News / Asia

US Says Talks with Taliban Fail to Get Off the Ground

US ambassador in Afghanistan, James Cunningham, speaks during a news event at the U.S. embassy in Kabul, Afghanistan, Jan. 17, 2013.
US ambassador in Afghanistan, James Cunningham, speaks during a news event at the U.S. embassy in Kabul, Afghanistan, Jan. 17, 2013.
Sharon Behn
Hopes for a negotiated settlement to the conflict in Afghanistan rose in recent months with the news that the Taliban was about to open an office in Doha, Qatar, and start talks with the United States and Afghan representatives. But in the wake of a dispute between the government of Afghan President Hamid Karzai and the militant group, the U.S. says the talks have apparently failed to get off the ground.

U.S. Ambassador James Cunningham said Wednesday that it is not clear if the Taliban are ready to sit down for talks. 

“We hope that those discussions will take place, we know that the government of Afghanistan wants them as do we, but it’s up to the Taliban now to decide whether to take advantage of the opportunity that’s provided to have a discussion with Afghans, with the Afghan High Peace Council, about the future of Afghanistan and about peace and reconciliation,” he said.

President Hamid Karzai boycotted the talks with the Taliban when the militants raised the flag under which they had once ruled Afghanistan at their Doha office.

Ambassador Cunningham said Washington immediately voiced its displeasure over the raising of the Islamic Emirate of Afghanistan flag.
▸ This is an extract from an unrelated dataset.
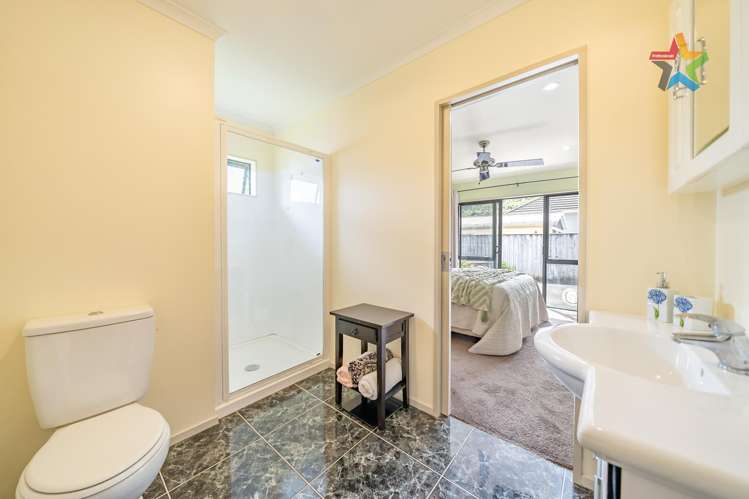 5 Maru Street Stokes Valley_12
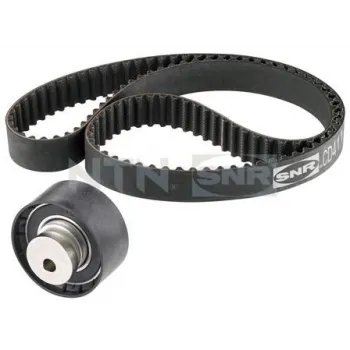 Fiat Egea 1.4 Fire 2015- Triger Seti - SNR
He said that U.S. special envoy James Dobbins did not meet with the militants in Doha during his trip to the region this week because they had not responded to the necessary conditions for the talks, including meeting with Afghan High Peace Council representatives.

“That is the key part of the whole process, is to get the Taliban talking to the High Peace Council. That is what we agreed in Washington with President Karzai would be the goal of the [Doha] office. And that’s because the future of Afghanistan needs to be discussed among Afghans - that is not our discussion, that is for an Afghan discussion and negotiation,” said the ambassador.

Cunningham said if the Taliban were not ready to meet the conditions laid out for the talks, the U.S. would consider closing the Doha office altogether.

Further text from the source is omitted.